The mass of the sample ${}^{137}\mathrm{Cs}$, m = 1.0 g

The molar mass of the sample ${}^{137}\mathrm{Cs}$, A = 137 g/mol

The half-life of the isotope ${}^{137}\mathrm{Cs}$,$T_{1/2}=30.2y=9.53\times {10}^{3}s$

The radioactive decay is due to the loss of the elementary particles from an unstable nucleus to convert them into a more stable one.

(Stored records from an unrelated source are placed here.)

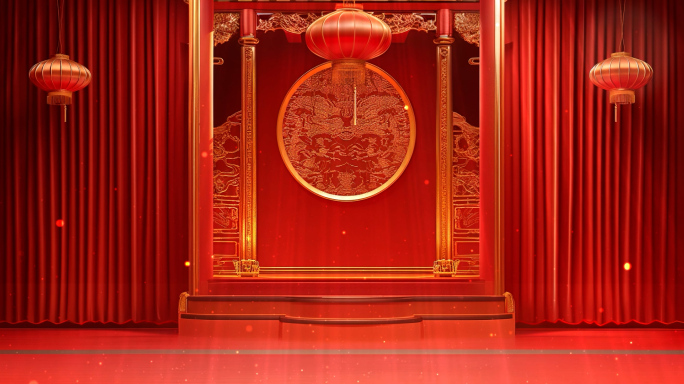 中国风戏曲京剧庆典演出舞台背景1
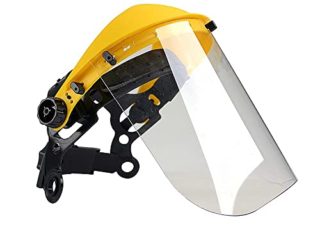 Oregon Visera de Seguridad con Malla Protectora de Policarbonato Transparente, Protección Facial Ajustable
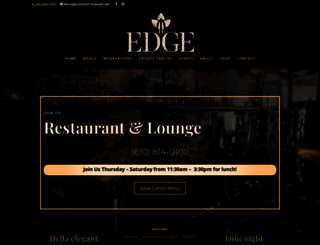 edgerestaurant.net screenshot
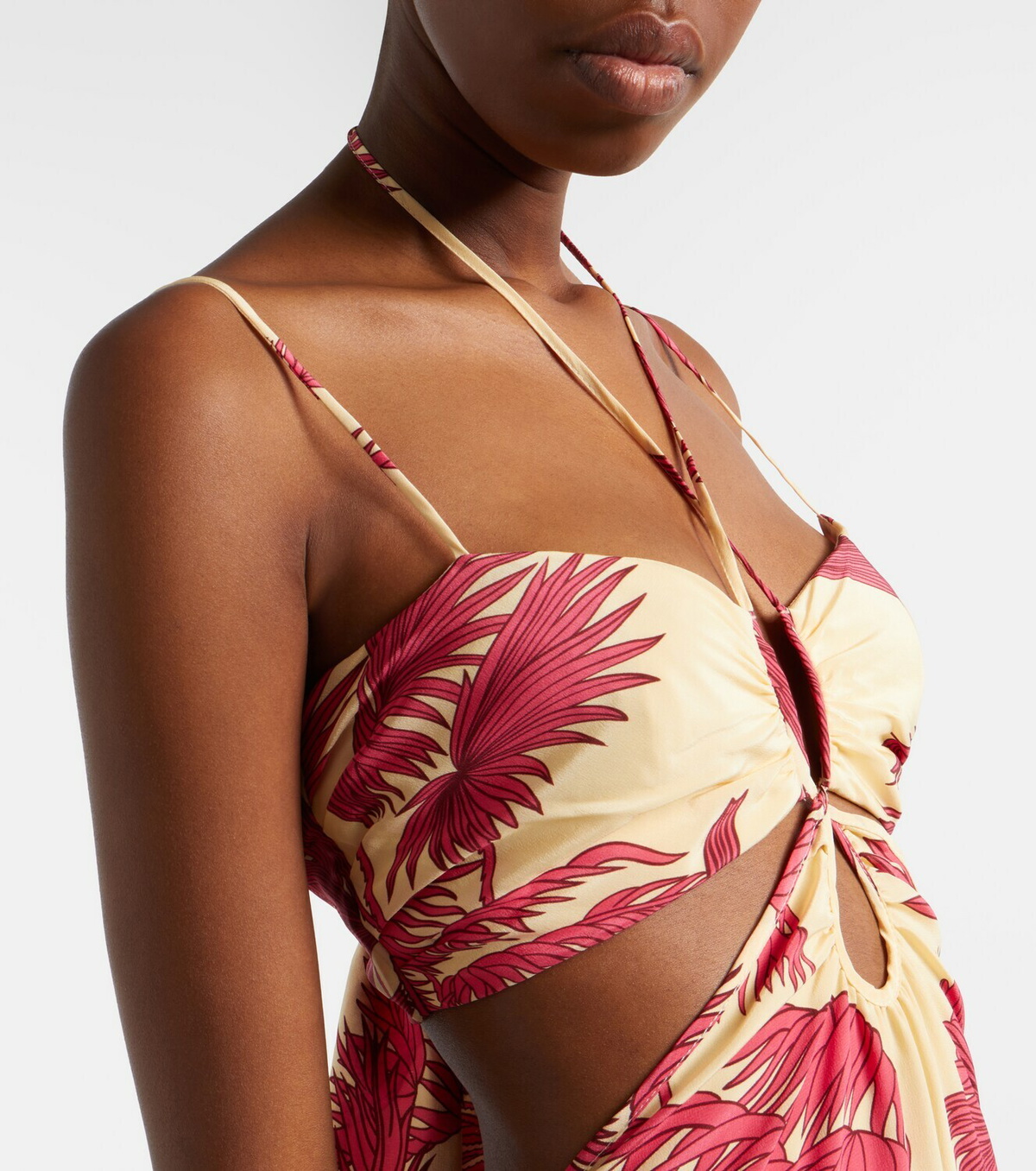 Johanna Ortiz Andalusian Rhythms printed silk maxi dress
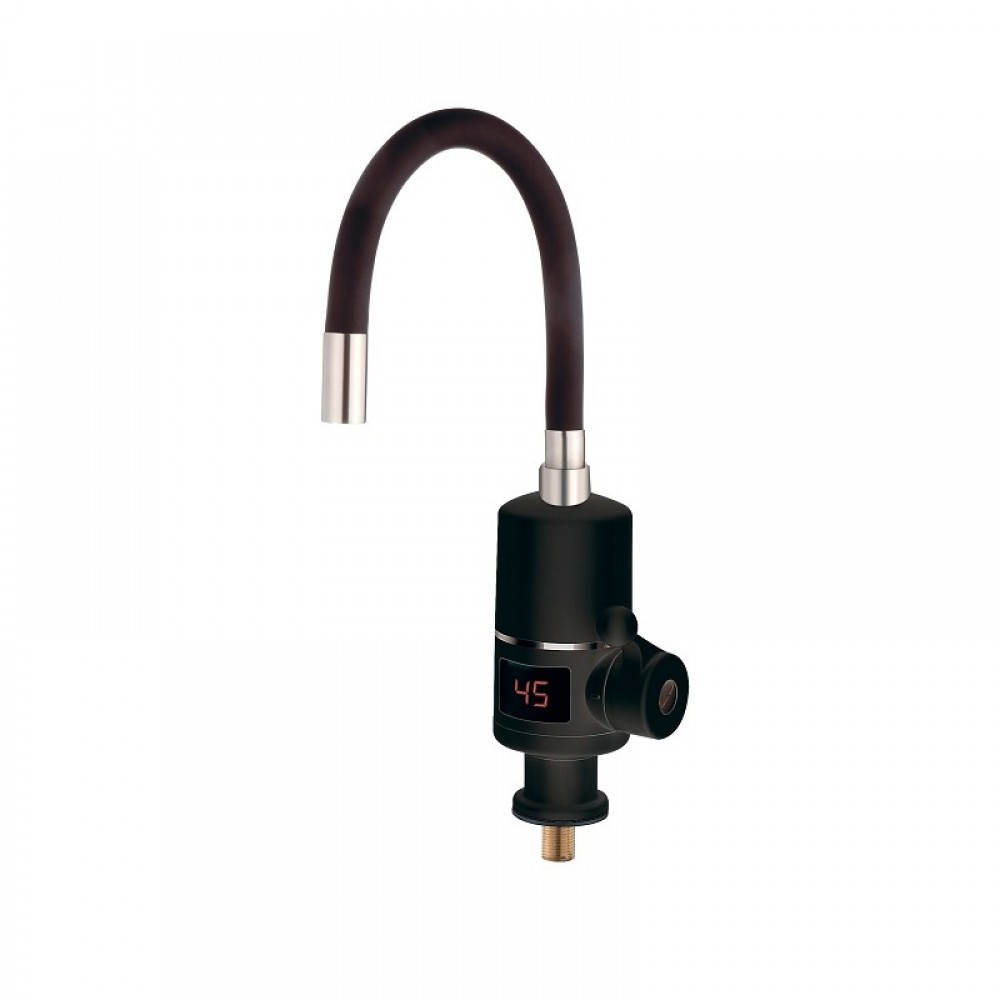 Водонагреватель на мойку ZERIX ELW06-EF-BLACK /инд. темп. /силикон излив /3 kW (12шт/ящ) - Изображение №1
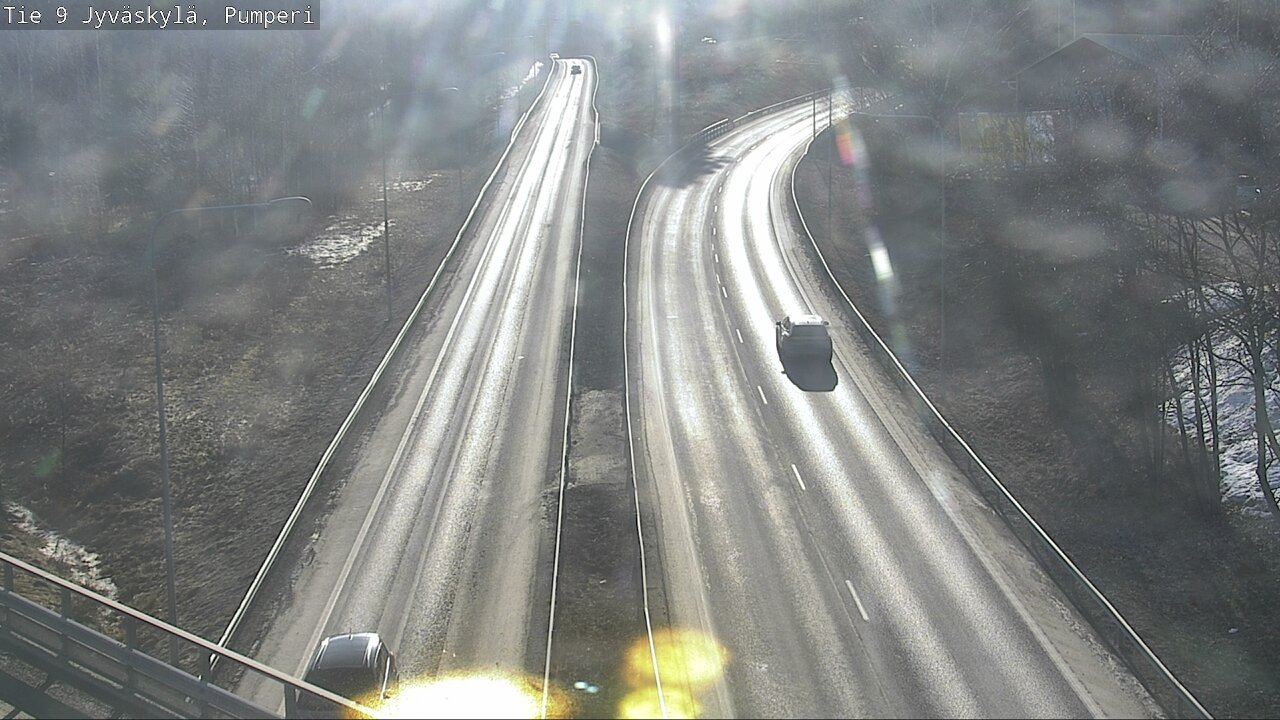 Weather Camera Image Väg 9 Jyväskylä, Pumperi, Jyväskylä, Keski-Suomi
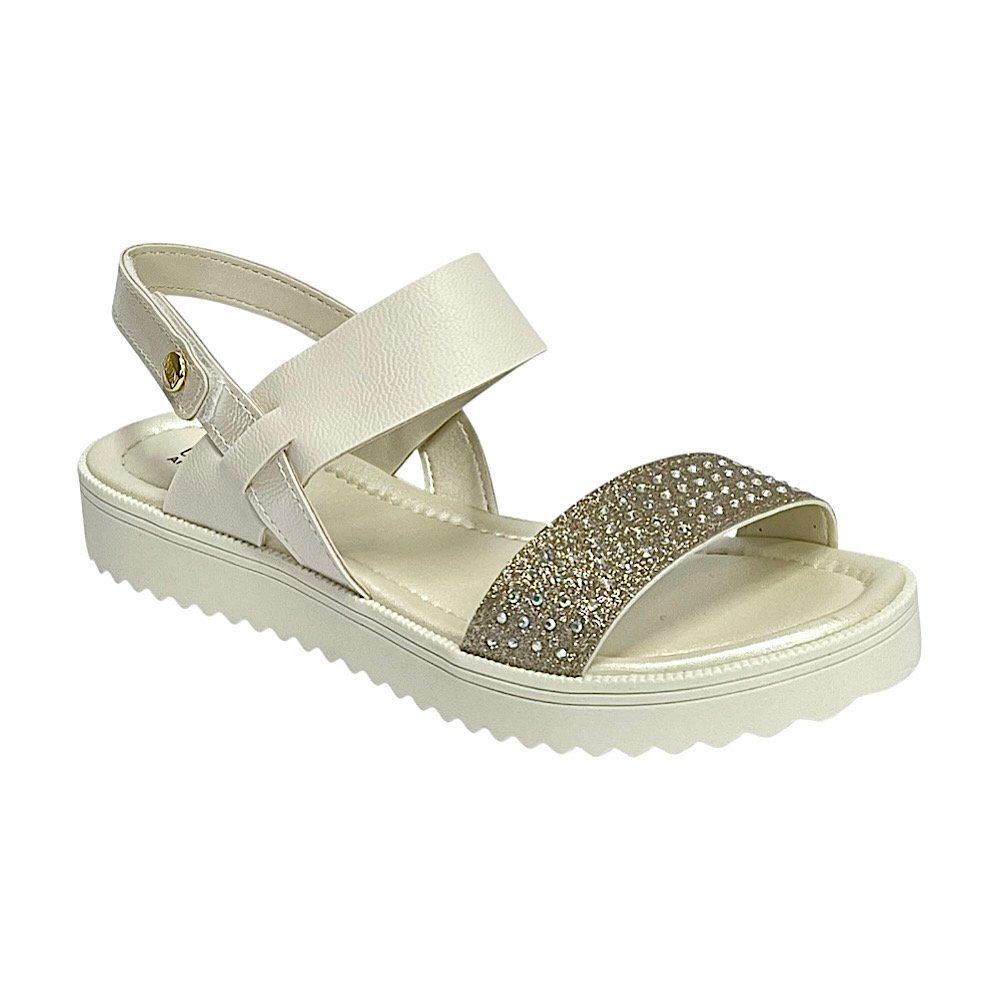 Sandália Klin Papete Lola 420058 Off White Perolizado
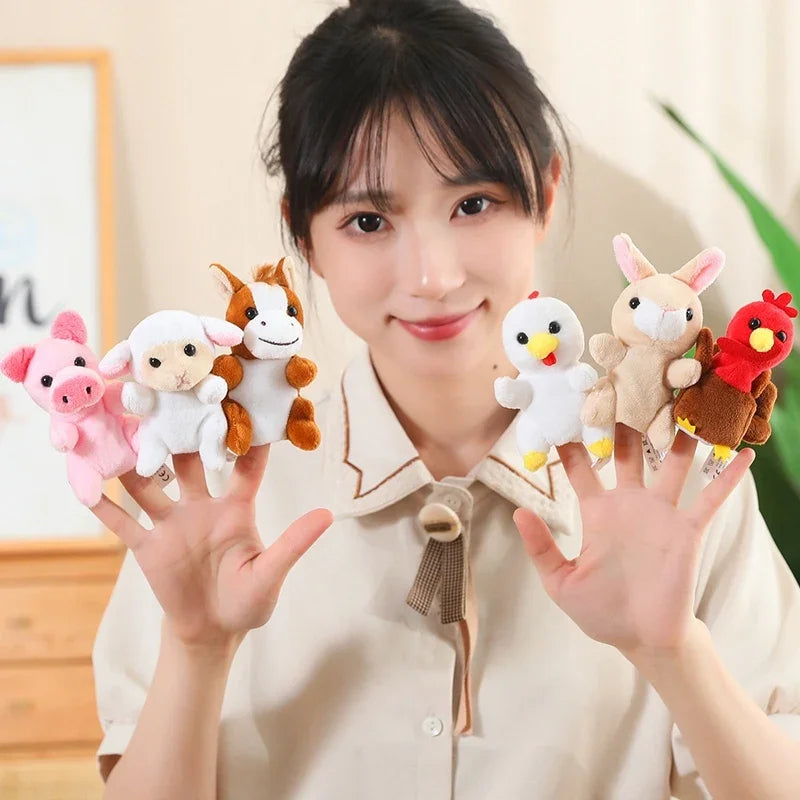 Set of 6 Safari Animal Plush Finger Puppets - Image 8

Here, the activity of the sample is the initial disintegration rate of the given isotope after the steal.

Formulae:

The rate of decay,

$R=\left(\frac{\ln 2}{T_{1/2}}\right)N$ ….. (i)

Where, $T_{1/2}$is the half-life of the substance, N is the number of undecayed nuclei.

The conversion unit from Curie to Becquerel,

$1\mathrm{Ci}=3.7x{10}^{10}\mathrm{Bq}$ ….. (ii)

The number of undecayed nuclei in a given mass of a substance,

$N=\frac{m}{A}{N}_A$ ….. (iii)

Here, the Avogadro number is,$N_A=6.022\times {10}^{23}mo{l}^{-1}$

Using the given data and equation (iii) for number of undecayed nuclei in equation (i), we can get the activity of the sample in Becquerel as follows:

$$\begin{gathered} R=\left(\frac{\ln 2}{T_{1/2}}\right)\frac{m}{A}{N}_A \\ =\frac{\left(\ln 2\right)\left(1g\right)}{\left(9.53\times {10}^{8}s\right)\left(137g/mol\right)}\left(6.022\times {10}^{23}mo{l}^{-1}\right) \\ =3.2\times {10}^{12}{s}^{-1} \\ =3.2\times {10}^{12}Bq \end{gathered}$$

Hence, the value of the activity is $3.2\times {10}^{12}Bq$.

Using the conversion relation from equation (ii), the above activity of the sample can be given in Curie as follows:

$\begin{array}{ll}R=\frac{3.2\times {10}^{12}}{3.7\times {10}^{10}}& C_1\\ =86Ci& \end{array}$

Hence, the value of the activity is 86 Ci .